Your goal => When you reach the line containing "Woman with Cool" in the entries below, begin reproducing lines exactly, and stop once the line containing "per ragazza 313970102500" is done.

Data supplied =>
'''
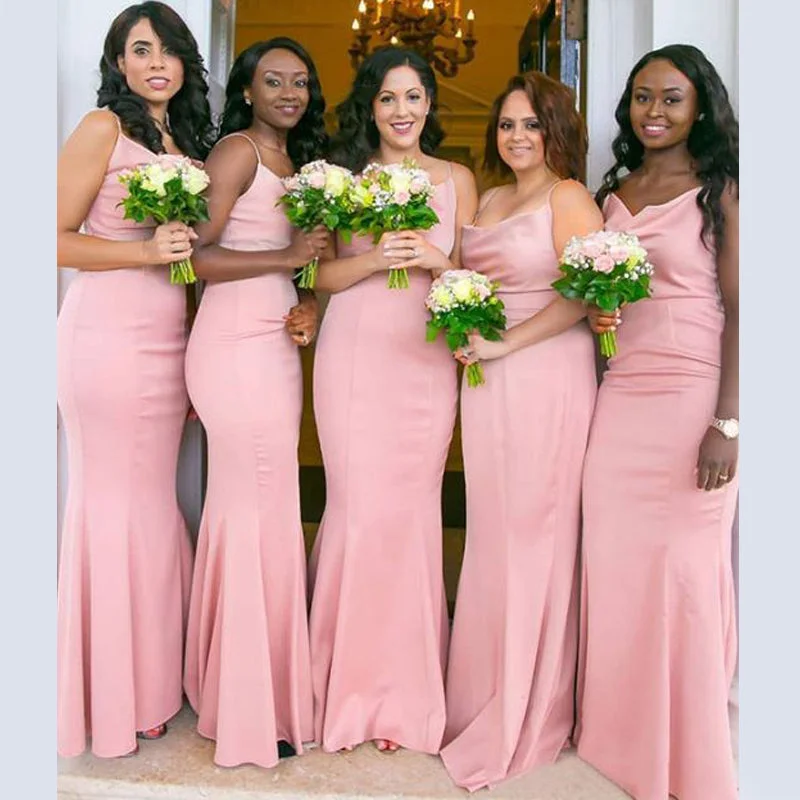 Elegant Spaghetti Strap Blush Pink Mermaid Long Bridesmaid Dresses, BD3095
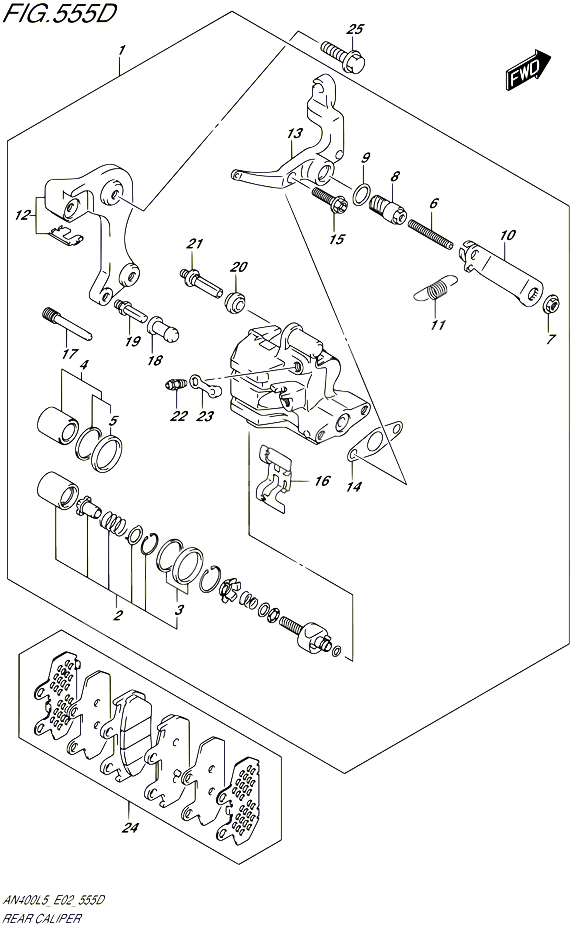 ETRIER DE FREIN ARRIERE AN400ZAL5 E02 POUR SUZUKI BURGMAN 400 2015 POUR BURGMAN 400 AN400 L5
'''
'''
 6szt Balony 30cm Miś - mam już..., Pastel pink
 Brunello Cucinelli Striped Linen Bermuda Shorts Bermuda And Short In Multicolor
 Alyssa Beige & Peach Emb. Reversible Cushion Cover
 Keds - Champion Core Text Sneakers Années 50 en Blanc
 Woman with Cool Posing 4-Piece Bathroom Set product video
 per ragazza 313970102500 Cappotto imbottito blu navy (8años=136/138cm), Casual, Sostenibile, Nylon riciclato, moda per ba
'''
'''
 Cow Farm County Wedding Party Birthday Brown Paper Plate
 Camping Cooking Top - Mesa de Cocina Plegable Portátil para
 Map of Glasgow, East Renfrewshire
'''
Output of the exercise =>
 Woman with Cool Posing 4-Piece Bathroom Set product video
 per ragazza 313970102500 Cappotto imbottito blu navy (8años=136/138cm), Casual, Sostenibile, Nylon riciclato, moda per ba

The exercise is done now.